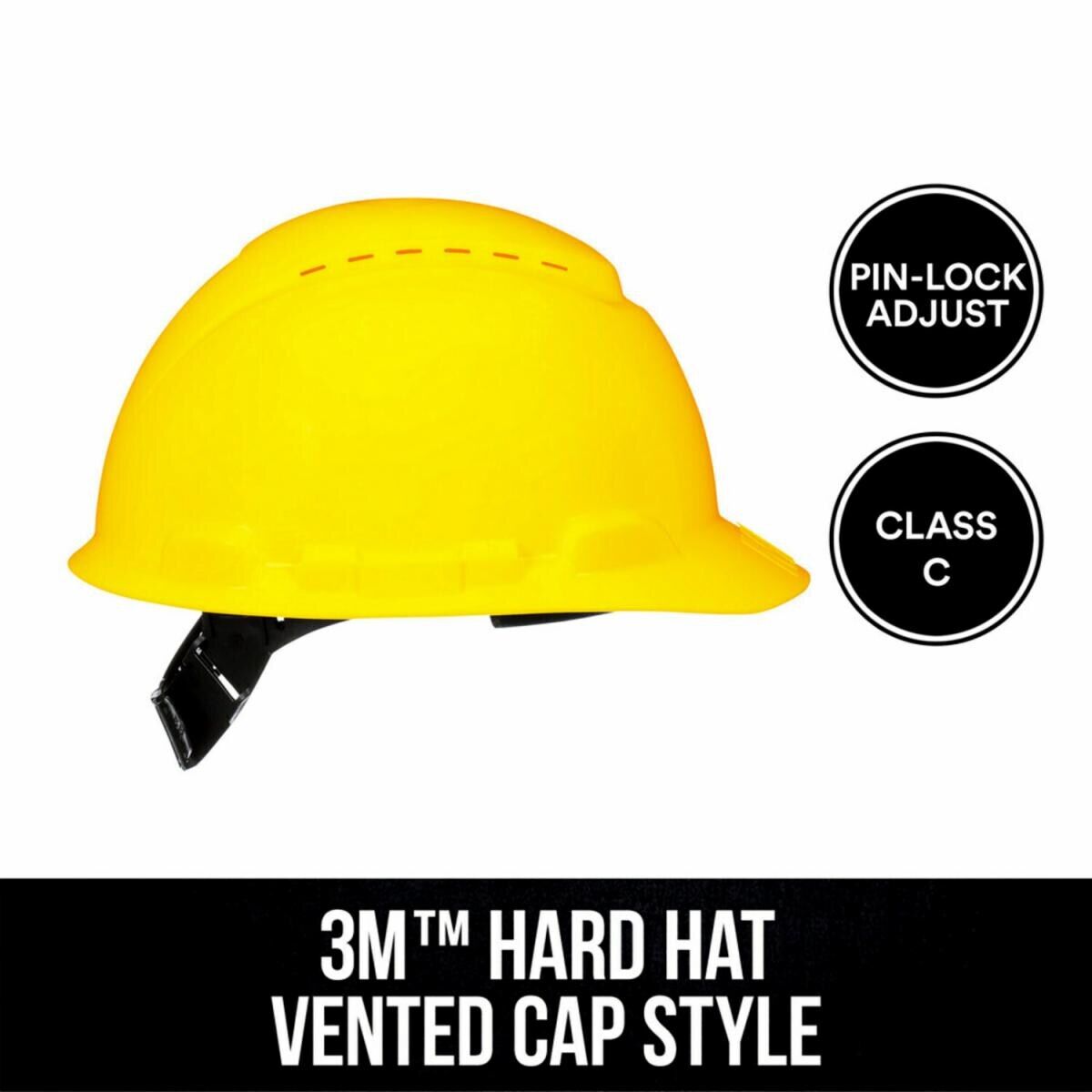 3M Yellow Vented Cap Style Hard Hat With Pin-Lock Adjustment
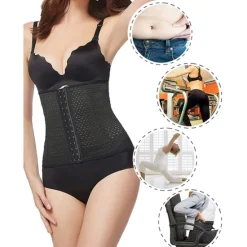 Sale Women's Waist Trainer Shapewears Tummy Control Push Up Front Close Office Yoga Running Gym Plus Size Sport Breathable Solid Color Hook & Eye Home Outfits Women Shapewear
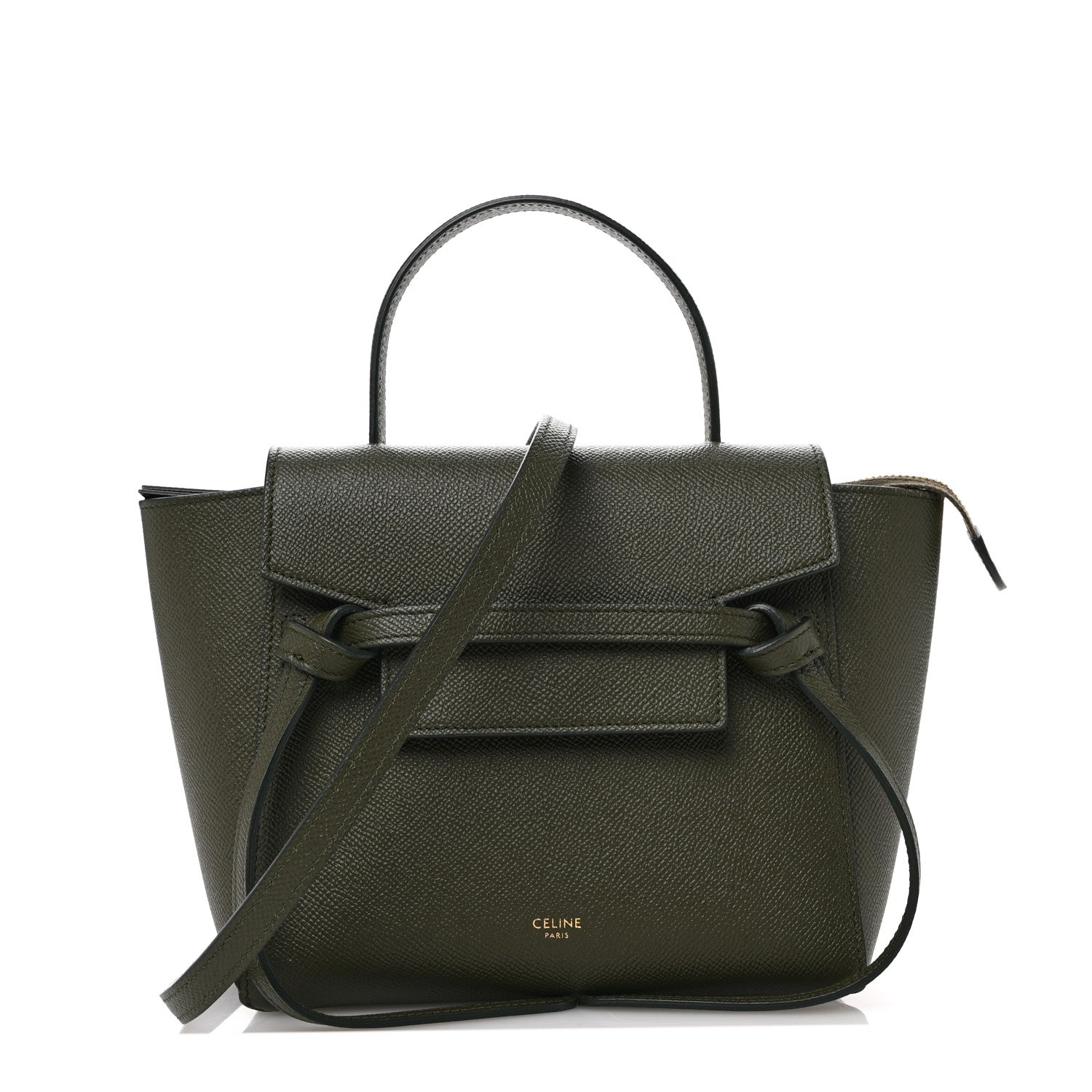 Celine Grained Calfskin Nano Belt Bag Army Green 1 of 10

→ What is being asked:
Find the line containing "Sale Women's Waist", then extract it and every line after it to the end of the data above, exactly and nothing else, without pictures.

→ Task answer:
 Sale Women's Waist Trainer Shapewears Tummy Control Push Up Front Close Office Yoga Running Gym Plus Size Sport Breathable Solid Color Hook & Eye Home Outfits Women Shapewear
 Celine Grained Calfskin Nano Belt Bag Army Green 1 of 10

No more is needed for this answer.